Ferguson Hall is for music majors, Rarig Center is for theater majors, Barker Center for Dance is for dance majors and the Regis Center for Art is for visual art majors. These separate buildings imply the arts should be differentiated and kept apart, like caged mice in controlled experiments. The arts, however, want to function as a whole.
Separating the different genres is like chopping off limbs, for all art centers around the same core desires. Even though the buildings are separate, they stand close to each other – just waiting for dancers to wander into concert recitals or painters to stumble upon plays.
With the opening of the Regis Center for Art, the now complete West Bank Arts Quarter is striving toward letting artists of diverse disciplines work together. Spark Festival of Electronic Music and Art has answered the call, bringing different aspects of the arts community together, perhaps like never before. Christopher James, School of Music public relations director, described the event as “bees cross-pollinating.” Spark celebrates all art forms with a common interest in incorporating digital technology.
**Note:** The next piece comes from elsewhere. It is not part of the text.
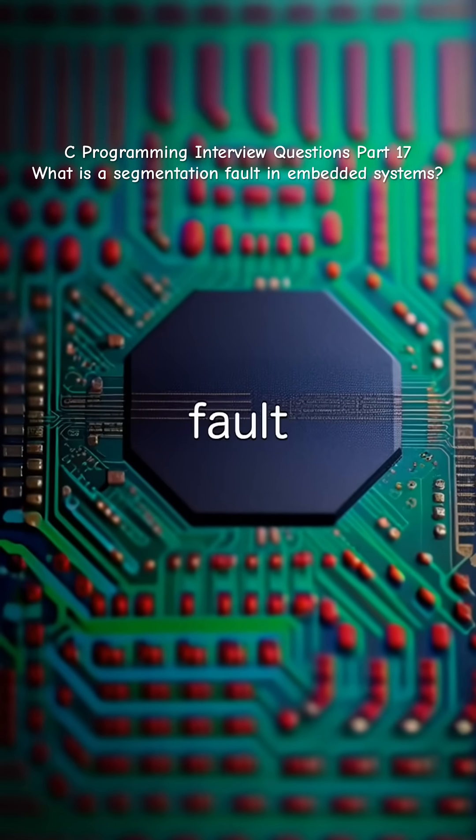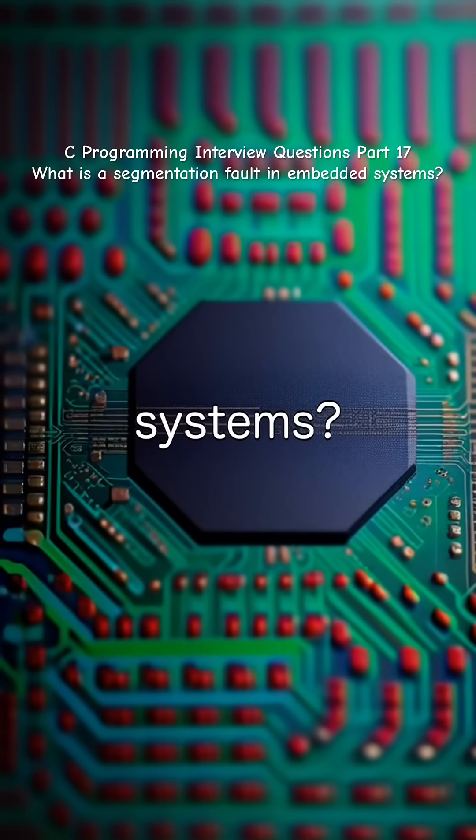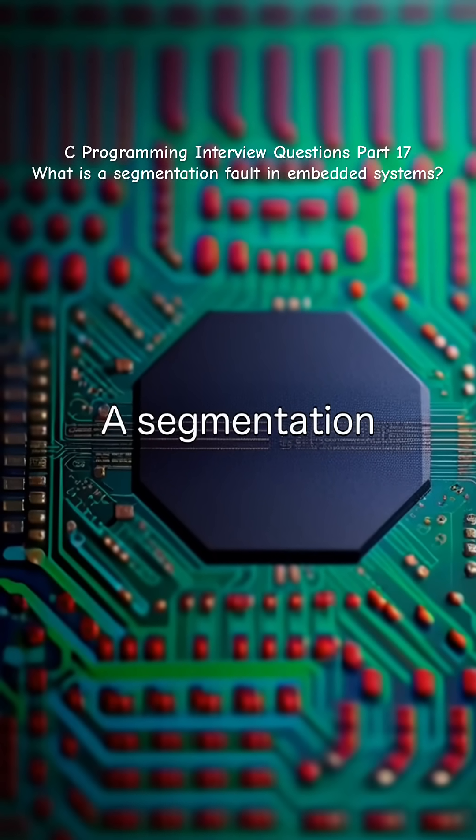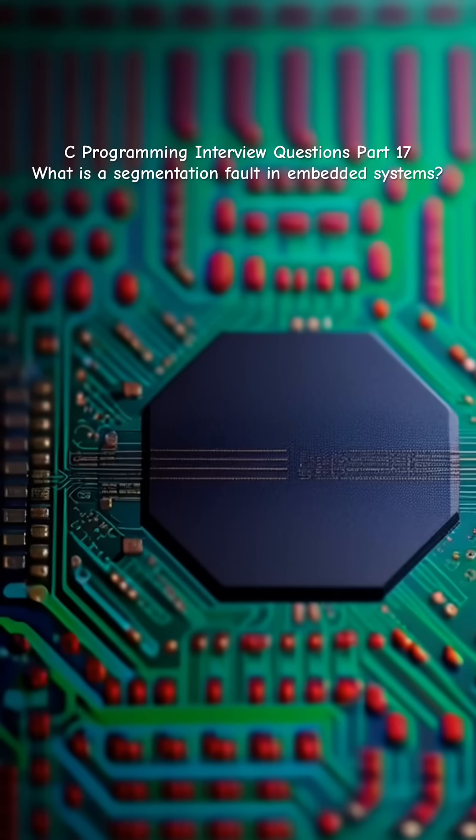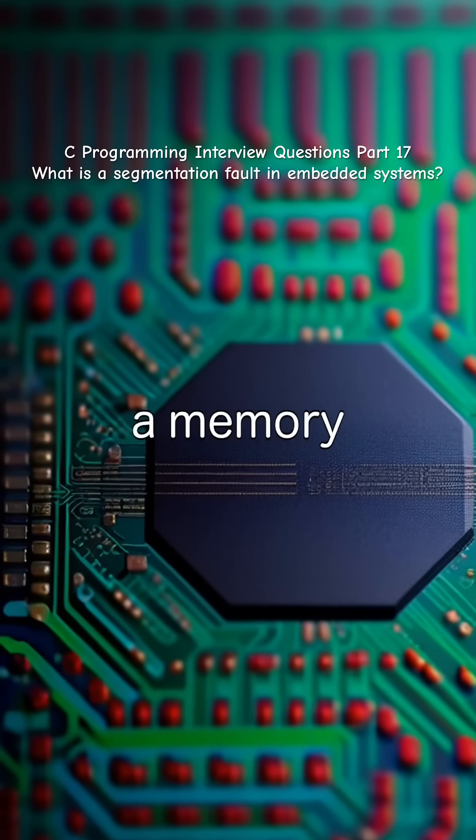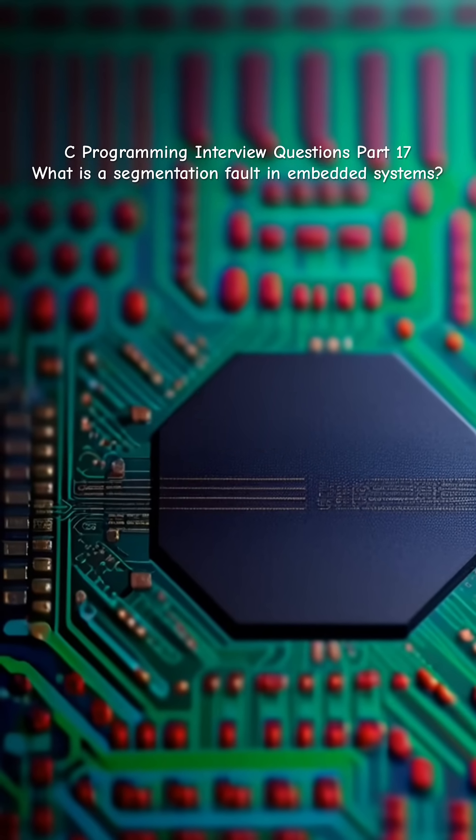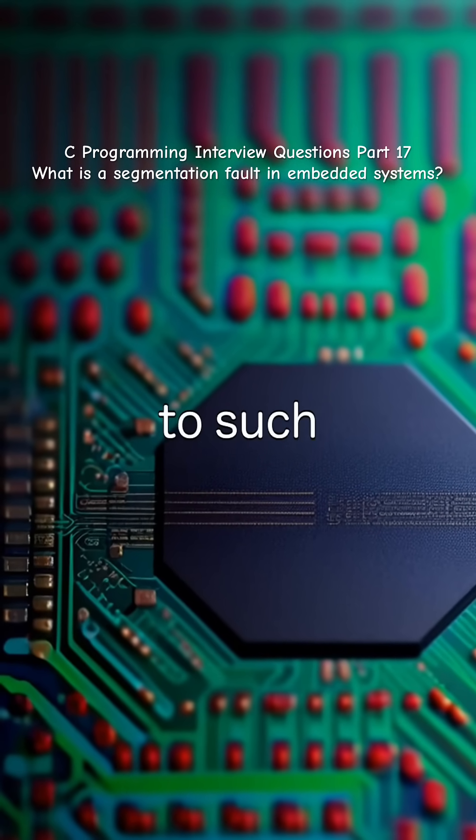What is a segmentation fault in embedded systems? A segmentation fault occurs when a program tries to access a memory location it is not allowed to,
Forty guest artists along with 25 University students and faculty will venture down unexplored art avenues with the latest technology to create stunning sounds and sights. Lynn Lukkas, professor in the department of art, and dance collaborator Marija Stamenkovic use bio-sensors to transmit data from a person’s body onto a computer. The body movements, as well as heart rate, brain waves and breath, control the images and sounds the audience experiences.
Christopher Bailey from the University of Cincinnati injects samples of superhero records and Led Zeppelin into his composition while University student Devin Swanson uses SoundHack to fuse Missy Elliott with the Beach Boys. This year’s featured guest Brad Garton, music professor and director of the Computer Music Center at Columbia University, will lecture. He will also perform his music that experiments with acoustic landscapes and sometimes combines poetry.
“This year is more interesting,” said Douglas Geers, a University music composition professor specializing in electronic music, the festival’s organizer. “It casts a wide net and shows a range of what is being done, not just in music but all art.”
Geers started the festival small last year, his first year at the University, and focused on one composer. “It was a combo of me not knowing who was cool and they not knowing me.” But this year, Geers branched out to find variety and found much of what he wanted around the Twin Cities and University community. “I really tried to get people from all areas. It makes it easy when there are so many people doing cool stuff.”
Spark shows the beginning of a new and exciting direction not only for the School of Music but also for all art departments. The festival features some of the most innovative artists beginning to fully use this new medium of computers and other technologies.